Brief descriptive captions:
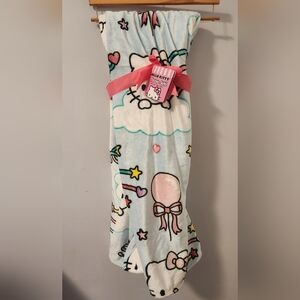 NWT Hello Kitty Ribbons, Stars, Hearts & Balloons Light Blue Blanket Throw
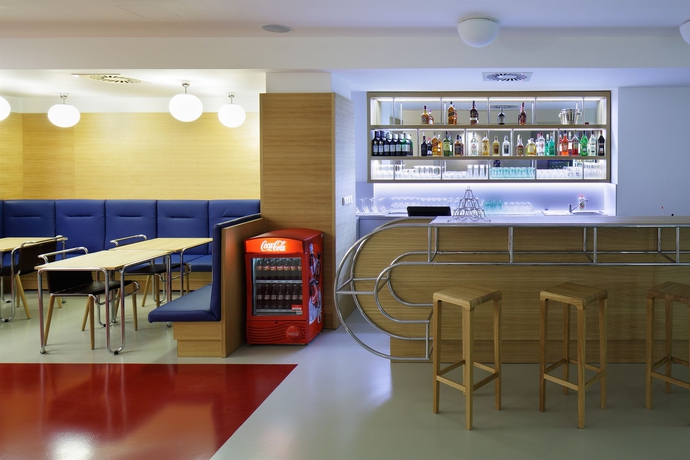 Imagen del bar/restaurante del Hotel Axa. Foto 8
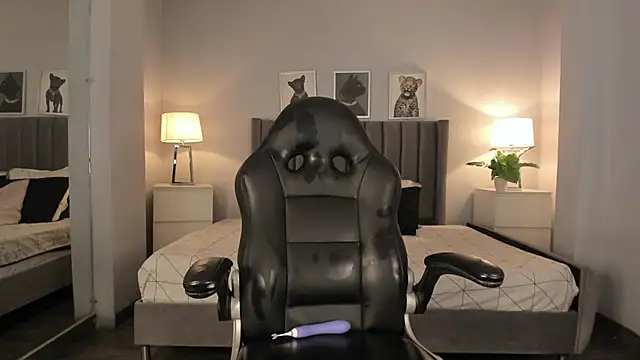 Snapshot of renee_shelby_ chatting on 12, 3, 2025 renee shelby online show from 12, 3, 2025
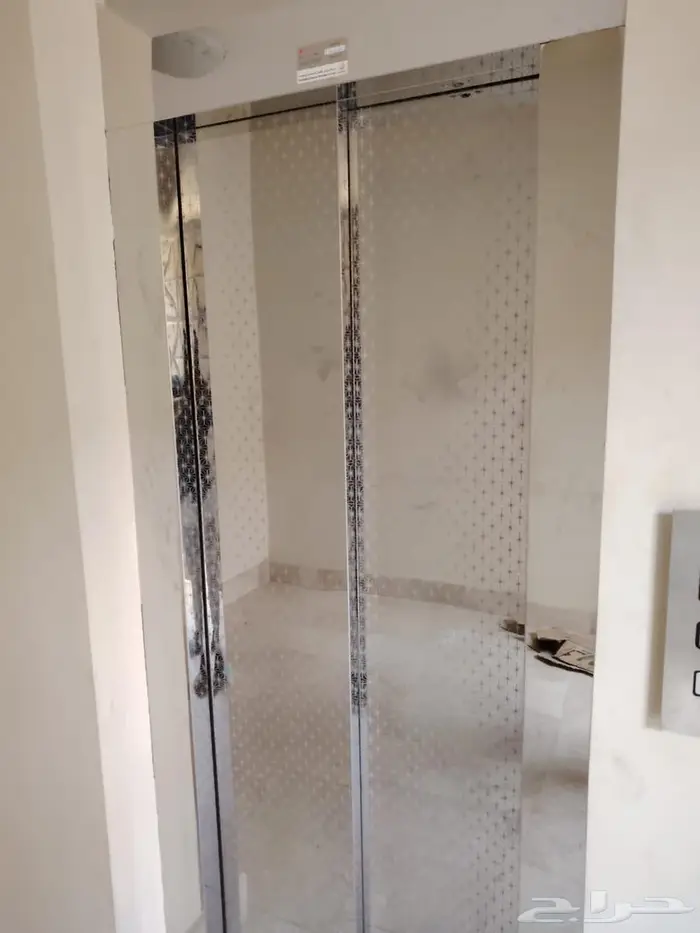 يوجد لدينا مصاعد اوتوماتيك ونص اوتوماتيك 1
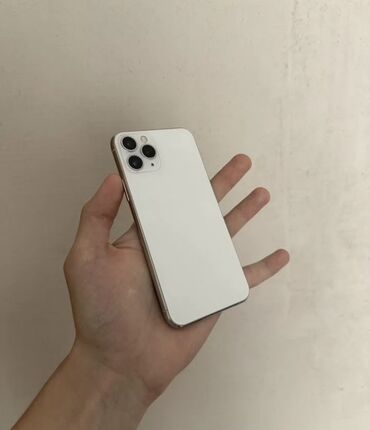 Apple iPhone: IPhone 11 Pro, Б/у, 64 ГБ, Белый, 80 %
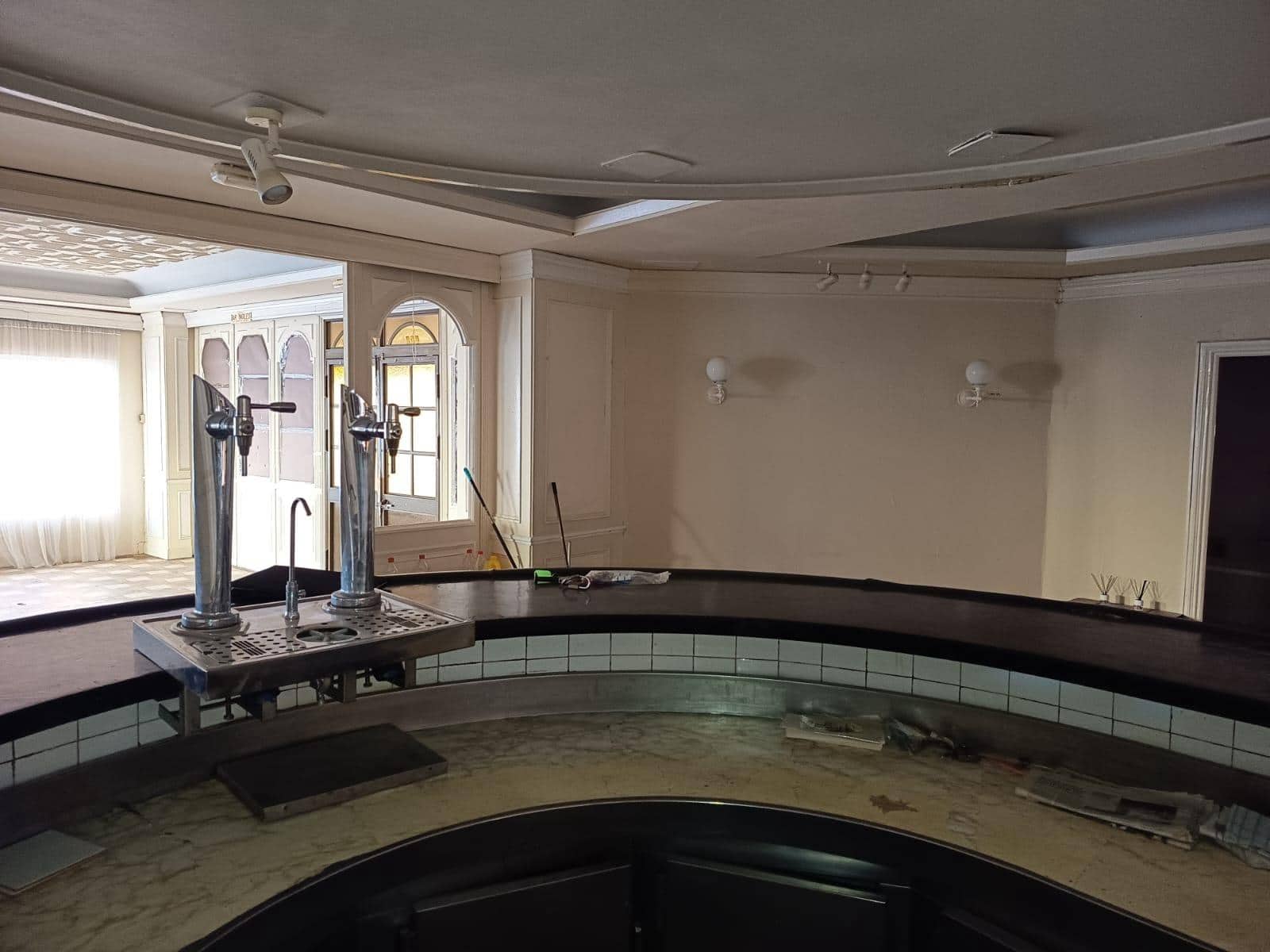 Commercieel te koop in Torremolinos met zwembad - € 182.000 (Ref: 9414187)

WORK INSTRUCTIONS
Leave nothing out but the pictures when transcribing the records.

TASK OUTPUT
 NWT Hello Kitty Ribbons, Stars, Hearts & Balloons Light Blue Blanket Throw
 Imagen del bar/restaurante del Hotel Axa. Foto 8
 Snapshot of renee_shelby_ chatting on 12, 3, 2025 renee shelby online show from 12, 3, 2025
 يوجد لدينا مصاعد اوتوماتيك ونص اوتوماتيك 1
 Apple iPhone: IPhone 11 Pro, Б/у, 64 ГБ, Белый, 80 %
 Commercieel te koop in Torremolinos met zwembad - € 182.000 (Ref: 9414187)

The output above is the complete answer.